A good news for Ice and ORBs using the more general multithreading model is that a change in linux kernel 2.6 should strongly reduce the thread context switch overhead. A patch for 2.4.x is already available with the required changes to the kernel. The patch is named something like "low latency". I can get a precise reference on this if desired. There is also an article on it in some linux expert journal.

So the performance difference between Ice and other ORBs due to thread context switching will problably shrink in the near future.

You wrote that you implemented a faster ORB than omniORB. How would Ice compare to it ? My understanding is that beside thread latencies, it is the encoding that would make the performance difference. What are the performance differences betwen Ice and CORBA regarding encoding ?

[marc]

Quote:

Originally posted by ChMeessen

You are right about the multithreaded model. The omniORB performance reported by our study may be explianed by this on thread per connection model. This requires that they are multiple tcp connections between two process if concurrency is required. But it is said that they cache connections so the number of parallel connections should not be more than the number of concurrent transactions. In version 4.0 they now also support a thread pool model so they remove the scalability problem which as you know is my obssession.

Even more impact has the client-side concurrency model, i.e., how does the client side receive responses. The most simple model is also the most efficient: The thread that sends a request also receives the response. This is a blocking client-side concurrency model. However, since the thread locks the connection while it blocks, no concurrent calls are possible over the same connection, and thus no nesting. You must use more than one connection if you need concurrent or nested calls.

Quote:

Originally posted by ChMeessen

You wrote that you implemented a faster ORB than omniORB. How would Ice compare to it ? My understanding is that beside thread latencies, it is the encoding that would make the performance difference. What are the performance differences betwen Ice and CORBA regarding encoding ?

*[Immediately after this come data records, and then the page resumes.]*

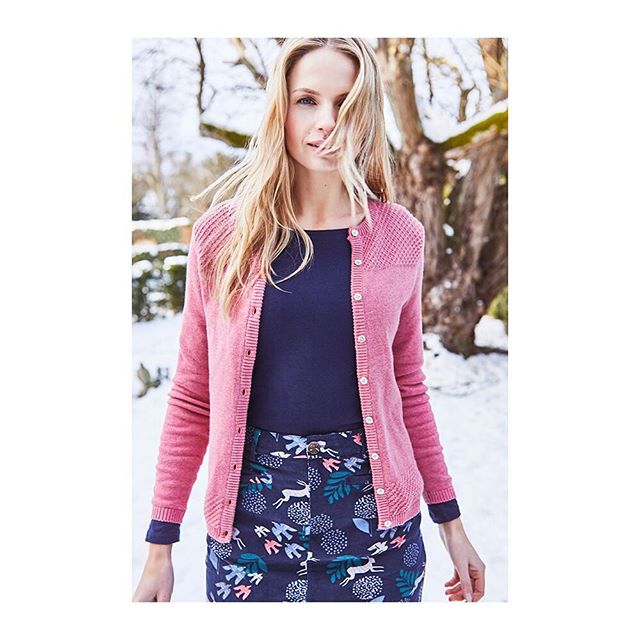 Brilliant start to the year shooting #aw18 for @lilyandmeclothing fab team @curquhartmua @charlie_aug
.
.
.
#womensfashion #catalouge #lifestylephotography #snow #fashion #location #lovemyjob #printmaking #womenswear #londonfashion #ukbrand #textile 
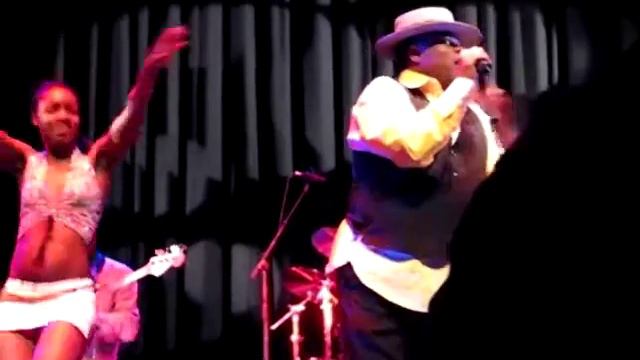 Kanda Bongo Man live at Queen Elisabeth Hall London 2006 Desk Audio pt 3 смотреть онлайн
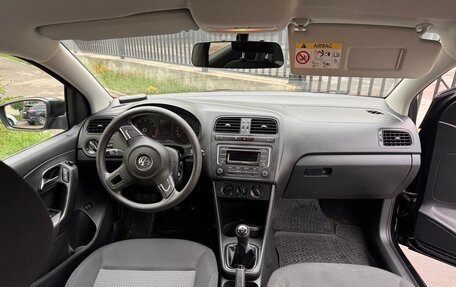 Volkswagen Polo VI (EU Market), 2015 год, 800 000 рублей, 11 фотография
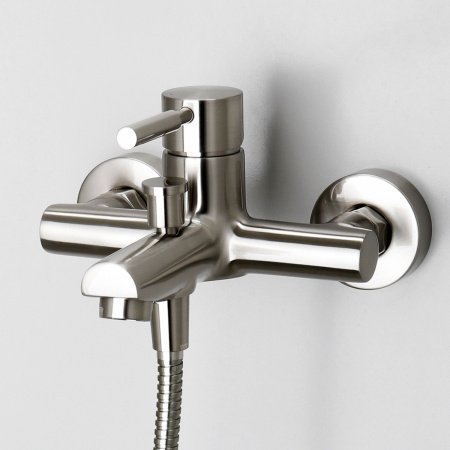 Смеситель для ванны с душем WasserKraft 4201 хром матовый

The CORBA ORB I co-authored had lower latency than both Ice and OmniORB. However, this is comparing apples with oranges: This ORB had the simpler concurrency model, and also didn't have features such as collocation optimization (which meant all calls go over the wire). For some domains, which require such super-low latency, this is a reasonable tradeoff. For other domains, you cannot work with such a concurrency model.

As for the encoding, I don't think it matters at all if you measure latency. For short messages, the encoding is not very important, because there is not much to encode.

As for long messages, I don't think the encoding has a lot of impact on very fast networks, because message size doesn't matter that much on such networks. However, if you use slower connections, like DSL or even modem, the more compact encoding of Ice will definitely be an advantage.